One of the best things to do for a child is to offer them materials that are made from natural elements; whether it's for learning or games or toys. Keeping safety in mind, any time an item made from glass, metal or wood can be given to a child rather than something made from plastic -- it's a beneficial and positive thing. Many people think children are naturally drawn to the plastic-like, colorful toys that are found in most toy stores. But given the choice, a child will choose to play with, and use, items that are made from natural elements because they like the idea of having, and using, items similar to what they see the adults around them using.
In Montessori inspired spaces, you will see that nothing really resembles the "toys" that are found in many other classroom environments for children that age. Lots of people think "real" things are dangerous and not fun for a child. But children learn how to be gentle with materials that are fragile. They learn that glass breaks. They learn that wood is heavy. Children learn that objects have different characteristics and that they are being trusted to have smaller versions of things that they often see their parents use.
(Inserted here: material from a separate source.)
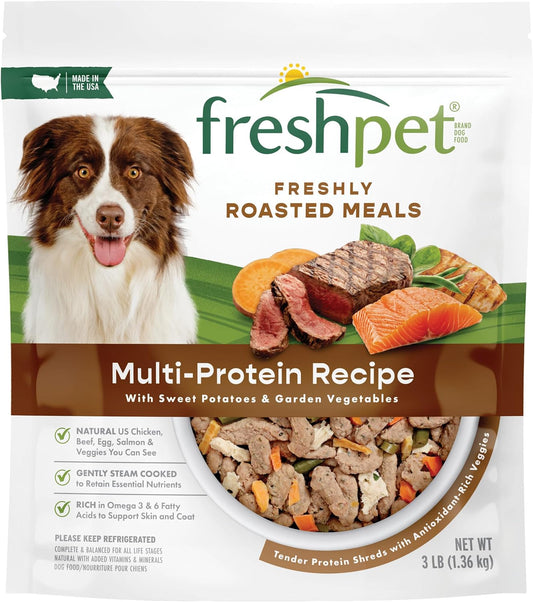 multi-protein recipe combining us farm-raised chicken, beef, egg, and salmon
For young children, an introduction to lots of everyday items can be given in something called a Treasure Basket. Treasure Baskets usually include 10-15 items, placed in a shallow basket, made from natural elements, that speak to the five senses. Baskets can be made a few different ways -- by theme (holidays, seasons, etc.), by sense (either sight, sound, taste, touch or smell), or a mixture of the senses at the same time. The idea behind Treasure Baskets is that young children (typically between 6-18 months) get a chance to explore natural objects and household items while making discoveries about their qualities. Does it roll? Is it heavy? Does it feel cold? Is it soft? Here's an example of what something like this may entail:
Some other ideas for objects are feathers, rocks, pine cones, bells, mini pumpkins, a loofah, a toothbrush (for older children), a handheld mirror, different textures of fabric pieces, and so on. The ideas are endless.